The syrinx was extracted and placed in oxygenated Ringer's solution (recipe as in Elemans et al., 2004) in a Sylgard-covered Petri dish on ice. The syrinx was cleaned of blood and excess adipose tissue and mounted in the experimental chamber (see below), ventral side up. The bronchi were tied airtight onto silastic tubing using 5.0 monofilament sutures (Argos Surgical Instruments, Newport Beach, CA, USA). The trachea was fastened airtight onto a custom-made plastic connector using 4.0 sutures (Argos Surgical Instruments). Two EGG electrodes were fixed with 10.0 monofilament sutures (Argos Surgical Instruments) bilaterally onto tracheal ring T1.
Experimental chamber design and hardware
We used an in vitro paradigm to study sound production as described in detail in Elemans et al. (2015). In brief, the excised syrinx was placed in an airtight chamber that allowed for precise control of air pressure, flow, humidity and temperature.
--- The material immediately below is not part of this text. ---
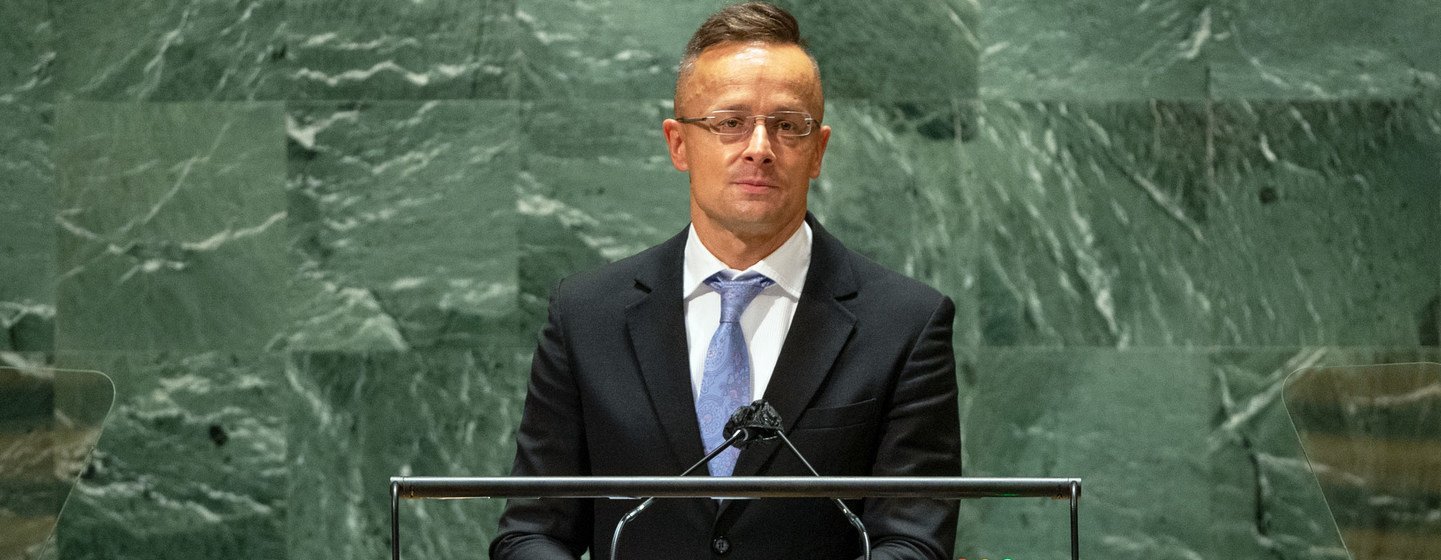 Péter Szijjártó, Minister of Foreign Affairs and Trade of Hungary, addresses the general debate of the UN General Assembly’s 76th session. Péter Szijjártó, Minister of Foreign Affairs and Trade of Hungary, addresses the general debate of the UN General Assembly’s 76th session.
The air pressures in the chamber and bronchi were controlled by two dual-valve differential controllers (model PCD, Alicat Scientific, Tucson, AZ, USA) with a 0–10 kPa gauge pressure range. The flow through the bronchi was measured using a flow transducer (model PMFc3000 Posifa Microsystems, San Jose, CA, USA; 3 standard litres per minute full scale, response time 1 ms). Care was taken to mount the syrinx in its natural position. Because in pigeons the LVMs are attached to and encased by the rigid ossified skeleton of the syrinx, LVM adduction and tension are not affected as a result of incorrect mounting. Instead, LVM tension is affected by the differential pressure between airsac and bronchus (termed transmural pressure) (Elemans et al., 2008), and by the syringeal muscles (Elemans et al., 2004, 2006). The pressure difference is carefully controlled for in the experiments as described in detail below. This situation is in contrast with excised larynx experiments where mounting requires assumptions on vocal fold adduction, length, edge approach and position symmetry that critically affect the conditions for vibration.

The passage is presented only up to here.